The ‘main record’ or ‘master record’ or whatever we might call it, for each individual person or organisation, is not an ‘archival record’. It is not intended simply to be a reflection of what is in our own data. It is intended to be a page dedicated to that person or organisation. Our current feeling is that this should not be seen as domain specific; in fact, we want to get away from the idea that data is domain specific. It is about an entity (a person or organisation), and what we know of that entity.
Keeping in mind the green box, and looking at the person page for Robin Day from Exploring British Design, a previous AHRC project we ran with Brighton Design Archive, you get a sense of the type of thing we mean.
This page presents as a general information page about a designer. It is not branded as a page about archives. It takes information in from different sources. Is it an ‘authority’ record? I’m really not sure; I wouldn’t call it that. The point is really that it enables researchers to put Robin Day into the context of other people, organisations places and events, or at least it demonstrates how that can be done. It creates a network, and it intends to show the value of including archives in a network, rather than standing apart, in their ‘own world’.
The network can easily be visualised. There are tools out there to do this. The challenge is to create the data to feed into these visualisers. Again, this visualisation is not about archival name authority records, it is not domain specific.

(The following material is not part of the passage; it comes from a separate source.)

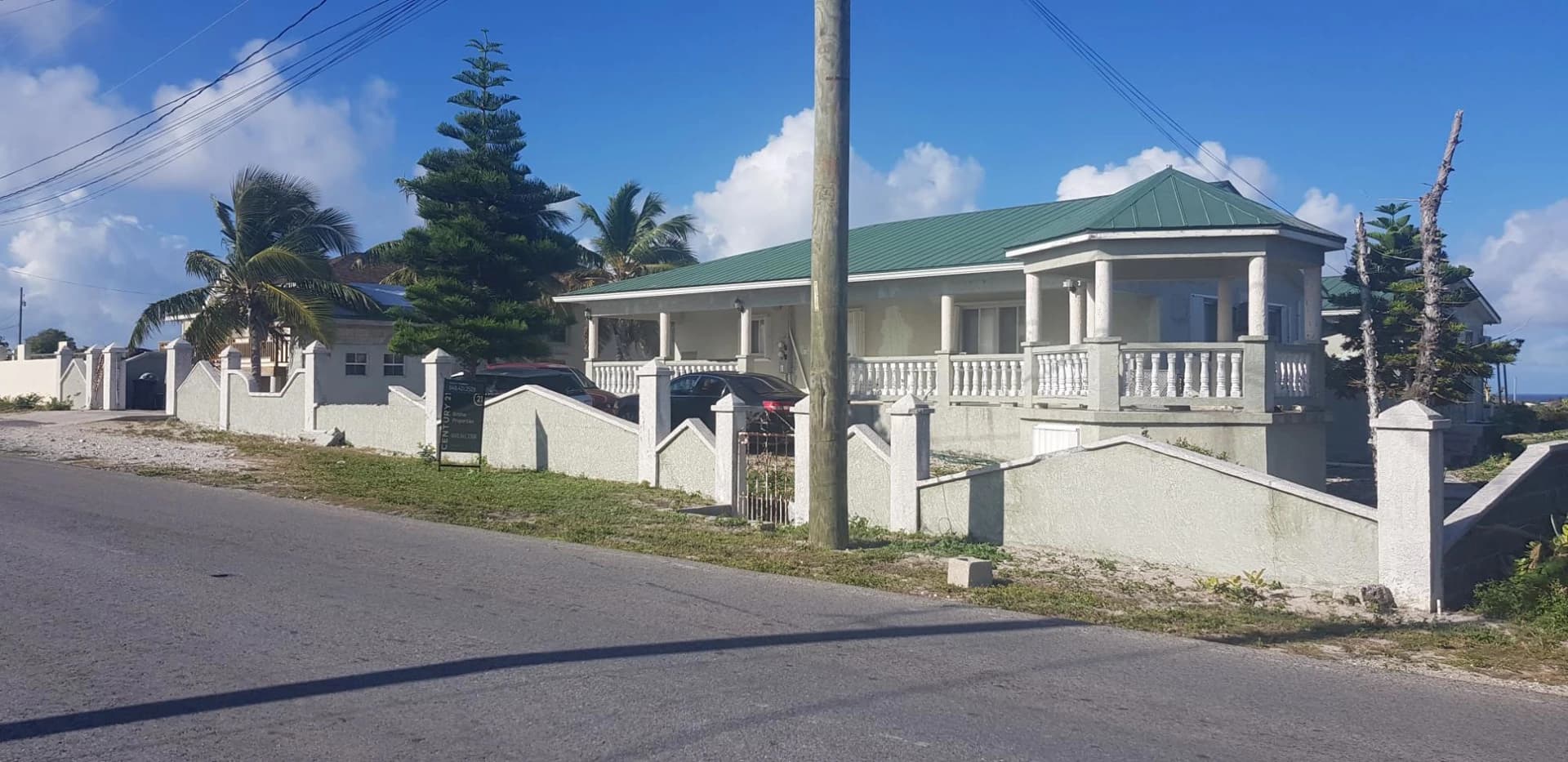 Nookie Hill House with single apartment attached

In the Robin Day page, we have a section for related archives and museum resources.
This lists archives Robin Day is the ‘creator of’ or archives he is ‘associated with’. It links to the Archives Hub, but also to other sources. One of the options for end users is to go and find out more about the archival sources, but it is not prioritised above other options.
So, this is essentially the idea – a page for a person, a page for an organisation. An information resources that focuses on creating a network of connections. We think this is a good approach, but creating something along these lines that is automated, sustainable and effective within an ongoing national service is much harder.
Why not just use this one record, link to the archive catalogues, and dispense with the individual name records that we have created? There are three reasons to consider providing access to the individual name records: biographical history, uncertainty around matching and ingesting name authority records.
I have already written about biographical and administrative history in a separate post.
In this phase of the Names Project the individual records for Beatrice Webb (as a name example), will be created either from the creator name or index terms that we have in the Archives Hub catalogues.
The main problem is the wide variation in name entries.
Webb, Beatrice, née Potter
Webb (Martha) Beatrice, 1858-1943
Webb, Martha Beatrice, 1858-1943
Webb;[Martha] Beatrice [nee Potter] 1858-1943
These are all entries in the Archives Hub. We can match them all up, but can we say they are all the same? Names without dates should not be matched with certainty, but quite often they will be the same person. (Beatrix Potter also often ends up being linked with Beatrice Webb, née Potter).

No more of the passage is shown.